Delegation is an important part of managing a busy team. everywoman in Travel explains how to do so effectively.
Delegation is the deliberate decision of a leader to give a team member the responsibility for a task that normally a leader would carry out themselves.
Crucially, it is not about handing over tasks that you dislike or that bore you, and it is not about offloading accountability.
In the context of delegation, we must distinguish between responsibility, authority and accountability:
• Responsibility puts the onus on the team member to carry out the task.
• Authority is the level of decision-making or resource handed down to carry out the task.
• Accountability is being held to account, the ultimate responsibility, for achieving the task.
Responsibility and authority can be delegated but accountability cannot. The buck stops with the delegator.
Delegation starts with planning. You can follow the below process to delegate successfully.
Analyse its component parts by breaking it down into specific and measurable elements.
There can be many steps to every task, and someone who does the task regularly can sometimes forget those steps.
It is important that you lay out the task as a series of steps so that none of them get missed. When considering whether to delegate a task, it can be useful to decide if it is a “glass ball” or a “rubber ball”: if the task was dropped, would it bounce back to you or would it smash?
They’ll need to have the right skills, knowledge and experience. Given that you will always retain ultimate accountability, you also need to consider the consequences if something should go wrong or the team member fails to carry out the task effectively.
Ideally, you will not simply take back the task.

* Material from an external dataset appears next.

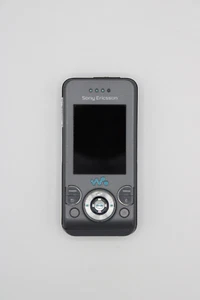 Sony Ericsson W580i Retro Handy - Bild 1 von 12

If problems arise, work with your team member and empower them to solve the problem themselves.
Ensure you give yourself enough time between the task deadline and any real deadline in order to build in problem-solving coaching.

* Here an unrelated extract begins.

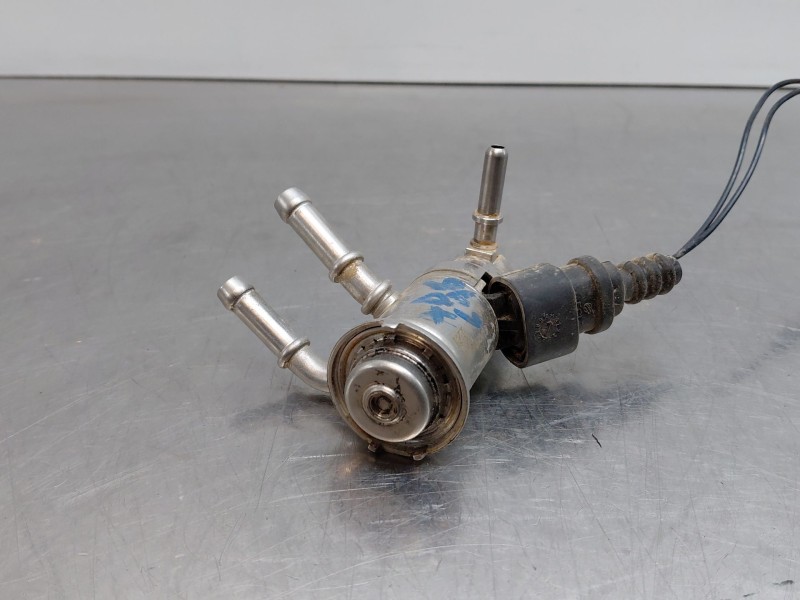 Recambio de inyector para nissan navara pick-up (np300) 4x4 referencia OEM IAM 160725JU0A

Plan your communication, ie explain what you want done; why; who has what level of authority for the task; and when it needs to be delivered.
When delegating, it is important to decide how much responsibility and authority you are going to hand over.
It is important to have clear controls so everyone involved knows what they can and cannot commit to and when they need to involve you.
Also establish the deadline and interim review dates.
Have them repeat back what steps they will take.
A key to the art of delegation is to delegate non-critical tasks so your team can feel empowered with authority and responsibility to carry them out, but are also given a safe space to fail.
If the person you have delegated to makes a mistake, they’ll be able to learn from it and move forward without a detrimental impact.
Take a moment today to think about tasks you are carrying out on autopilot that could be delegated to a team member.
It may feel like there is a lot to take into consideration when delegating, but just think how much time it will free up when they are autonomously looking after a task for you, as well as the contribution you are making to your team member’s development.